INFORMATION PROVIDED ->
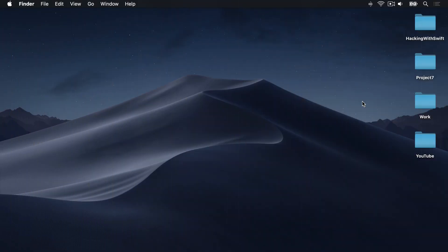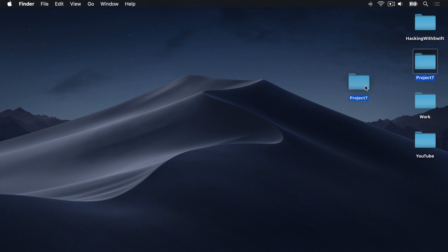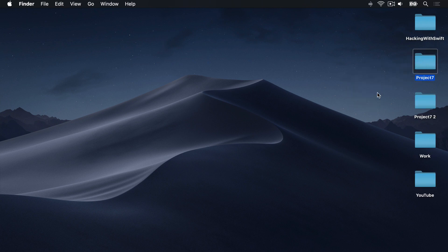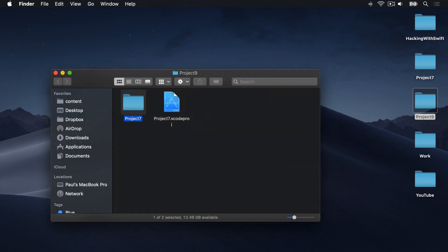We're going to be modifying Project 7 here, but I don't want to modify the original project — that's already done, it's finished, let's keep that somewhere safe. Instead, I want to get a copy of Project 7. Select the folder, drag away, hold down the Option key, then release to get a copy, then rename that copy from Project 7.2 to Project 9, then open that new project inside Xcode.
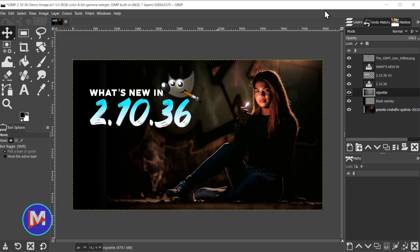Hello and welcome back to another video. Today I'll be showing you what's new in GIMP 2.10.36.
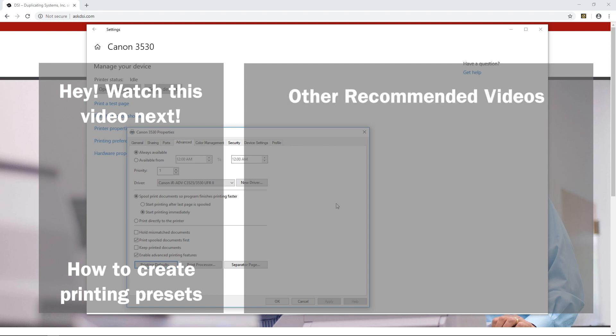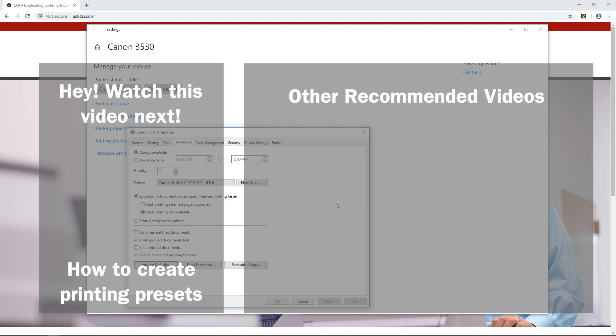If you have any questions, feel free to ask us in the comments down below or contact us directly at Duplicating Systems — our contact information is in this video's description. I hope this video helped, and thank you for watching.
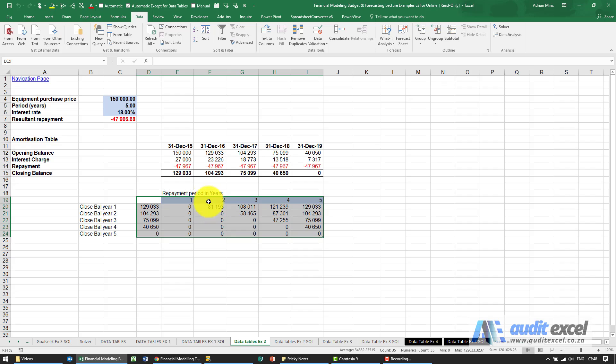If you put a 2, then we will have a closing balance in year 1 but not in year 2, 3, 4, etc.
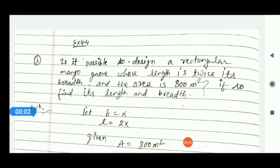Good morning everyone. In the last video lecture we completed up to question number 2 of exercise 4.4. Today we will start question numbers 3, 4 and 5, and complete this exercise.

==

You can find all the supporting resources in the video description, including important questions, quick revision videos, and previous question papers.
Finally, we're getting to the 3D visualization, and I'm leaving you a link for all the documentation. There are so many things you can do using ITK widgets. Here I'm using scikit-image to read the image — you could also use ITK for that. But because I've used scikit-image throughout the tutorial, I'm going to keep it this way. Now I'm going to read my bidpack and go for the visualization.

EXERCISE -> Above are the records. Copy word for word only their lines from the one holding "We're going to" through the one holding "Good morning everyone.", both included, and skip the images.

RESULT FOR THIS TASK ->
We're going to be modifying Project 7 here, but I don't want to modify the original project — that's already done, it's finished, let's keep that somewhere safe. Instead, I want to get a copy of Project 7. Select the folder, drag away, hold down the Option key, then release to get a copy, then rename that copy from Project 7.2 to Project 9, then open that new project inside Xcode.
Hello and welcome back to another video. Today I'll be showing you what's new in GIMP 2.10.36.
If you have any questions, feel free to ask us in the comments down below or contact us directly at Duplicating Systems — our contact information is in this video's description. I hope this video helped, and thank you for watching.
If you put a 2, then we will have a closing balance in year 1 but not in year 2, 3, 4, etc.
Good morning everyone. In the last video lecture we completed up to question number 2 of exercise 4.4. Today we will start question numbers 3, 4 and 5, and complete this exercise.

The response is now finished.